The Washington Post is reporting that Sen. Ron Wyden (D-OR) may have finally reached his breaking point. It is possible that Wyden will vote against Baucus’s bill in committee. This is news that shouldn’t shock anyone who has been following the health care debate.

Sen. Wyden is a health care policy wonk. He spent two years working with Sen. Bennett to try to craft a health care reform bill that would get bipartisan support and would be deficit reducing. Given Wyden’s commitment to bipartisan health care reform and his policy expertise, it was incredibly strange that Baucus shut him out of his “gang of six” negotiations. Wyden and Rockefeller (chairman of the Senate Finance Committee subcommittee on health care) are arguably the top two health care experts on the Senate Finance Committee. Leaving them out of the negotiations was major slight by Baucus.

Since being left out of the negotiations, Wyden has been working independently on his “free choice” amendments. It would have allowed anyone with employer provided insurance to select their own plan on the new exchange if they wanted. The idea received serious praise from health care policy writers. Jonathan Cohn called opposition to the idea “incredibly short-sighted.” Ezra Klein called it “the idea that could save health-care reform.” Matt Yglesias said, it “sounds like a pretty good idea.” Without passing judgment on the amendment, it would definitely be a game-changer that would move us away from employer-selected health insurance. Also importantly, the proposal was expected to save some serious money.
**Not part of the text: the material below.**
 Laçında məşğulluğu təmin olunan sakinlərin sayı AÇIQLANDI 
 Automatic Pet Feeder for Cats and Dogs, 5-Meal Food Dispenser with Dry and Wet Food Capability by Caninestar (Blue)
Baucus did not allow Wyden to bring up his “free choice” amendment until 1:30 in the morning on the very last day of mark up. When Wyden did bring up his amendment, Kent Conrad was informed via text message that “somehow” the CBO did not fully score Wyden’s amendment. Wyden had been told by the CBO that they did score his amendment. This is no small mistake. Wyden’s free choice amendment could have brought in over $100 billion in new revenue (even more if the bill also contained a strong public option). Wyden had to withdraw his amendment. Since this “mistake” was not “discovered” until the very last day of mark up, Wyden did not have a chance to get his amendment properly scored.

No one should be shocked that Wyden is both unhappy with the policies in the bill and how it was written. The possibility that Wyden would vote against the Baucus bill in committee sounds very real. If Wyden and Rockefeller both vote against the bill tomorrow, it is possible that it will not make it out of committee. I suspect Wyden is getting plenty of phone calls today.